Pascal Lardet, Flood Duty Manager for the Scottish Environment Protection Agency, said: 

“Heavy and persistent rain is forecast across southern Scotland on Wednesday and overnight into Thursday, with the Met Office indicating totals of 60mm of rainfall widely, and possibly 100mm on higher grounds over a 24-hour period.

“River and surface water flooding is likely, particularly in eastern Dumfries & Galloway and western Scottish Borders. There could be localised flooding to low-lying land and roads, disruption to travel and flooding in parts of communities. We are monitoring the situation closely with partners in areas such as Hawick, Newcastleton and Langholm. Flooding could also affect stretches of the M74 across to England overnight.

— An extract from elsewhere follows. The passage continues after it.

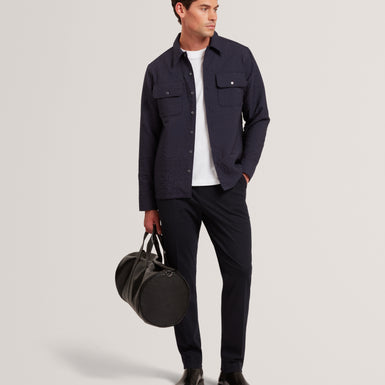 GENTIL: Jacquard Overshirt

“Regional Flood Alerts are in place, and Local Flood Warnings will be issued where necessary. People living and working in affected areas are advised to plan their essential journeys and consider the steps they need to take now to be prepared.

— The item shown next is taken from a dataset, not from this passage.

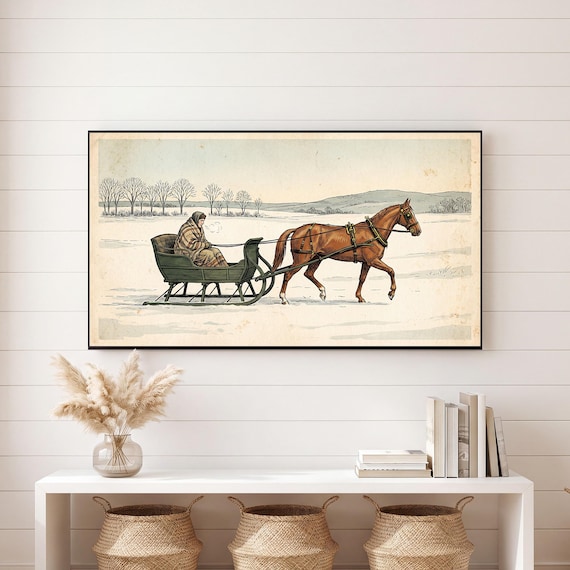 Horse and Cutter Samsung Frame TV Art — view 6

“Surface water flooding may occur in areas not normally prone to flooding and impacts from flooding from small and minor watercourses may also occur, so remember that conditions can change rapidly and water levels may rise quickly with little warning.

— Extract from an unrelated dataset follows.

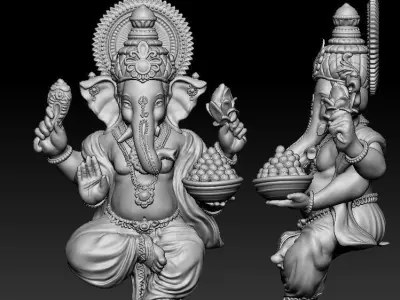 Ganesha Idol 3D print model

“Further rain is currently forecast for the end of the week and into the weekend. SEPA is working 24/7 to monitor rainfall and river levels and is in close contact with the Met Office and other partners to review the forecasts, which are combined with local expertise from all regions of Scotland to understand and present the flooding risk. The most up-to-date information is always available on our website.”

Staying informed

Check the latest information on SEPA’s regional Flood Alerts and local Flood Warnings at sepa.org.uk/floodupdates 

Be prepared and stay safe 

  • Check Floodline – visit www.sepa.org.uk/floodupdates
  • Don’t walk through flood water – 15cm of fast flowing water could be enough to knock you off your feet and hazards can be hidden under the water.
  • Drive with care, and do not travel through deep fast flowing water. It only takes 30cm of fast flowing water to move an average family sized car.
  • If you’re walking beside rivers be extra careful of wet footpaths and possibly small watercourses in spate.
  • Consider deploying flooding protection products if required.

What’s the difference between a Flood Alert and a Flood Warning? 
 
We use forecast weather information provided by the Met Office combined with our own observation of rainfall and river levels and advanced hydrological modelling to provide advance warning of flooding. 

  • Regional Flood Alerts are early advice that flooding is possible across a wider geographical area. The purpose of the Alerts is to make people aware of the risk of flooding and be prepared. We normally issue them 12 to 24 hours in advance of the possibility of flooding.
  • Flood Warnings are more locally specific and are issued for areas where we have gauges on rivers to measure the exact river height. They are issued at shorter notice when we are more certain that a specific area will be affected.